_Information shown:_

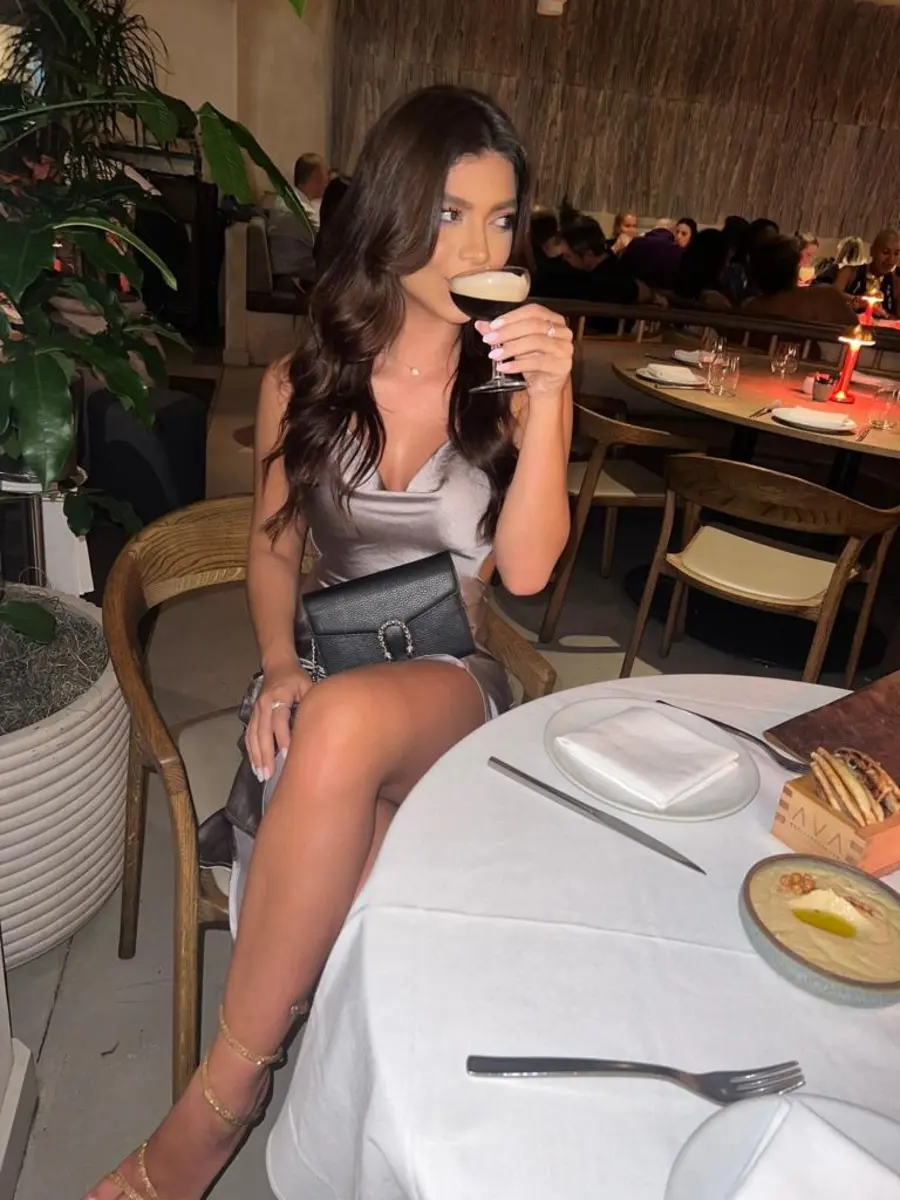 Victoria escort in London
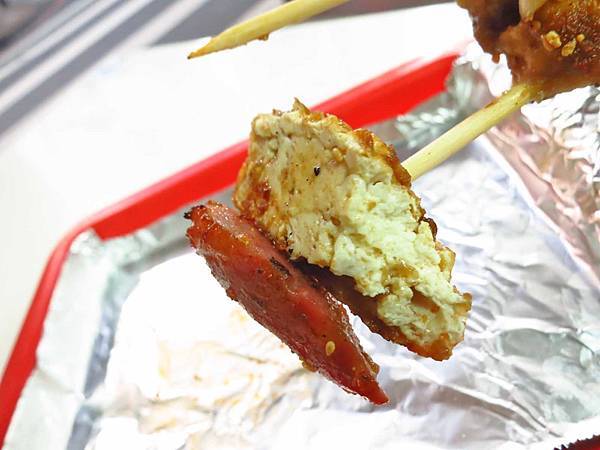 【新莊美食】林記養生藥膳串燒臭豆腐-香腸與臭豆腐的奇妙結合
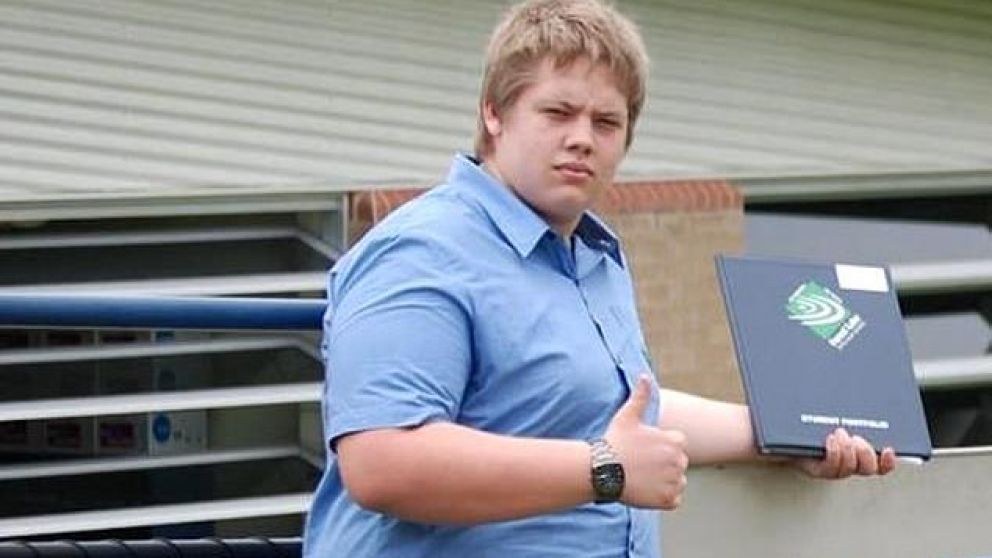 El joven de 26 a�os en su adolescencia era obeso pero luego cambi� su f�sico.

_What the exercise asks:_
Working from the lines above, reproduce the material exactly and exclude its pictures.

_Result for this exercise:_
 Victoria escort in London
 【新莊美食】林記養生藥膳串燒臭豆腐-香腸與臭豆腐的奇妙結合
 El joven de 26 a�os en su adolescencia era obeso pero luego cambi� su f�sico.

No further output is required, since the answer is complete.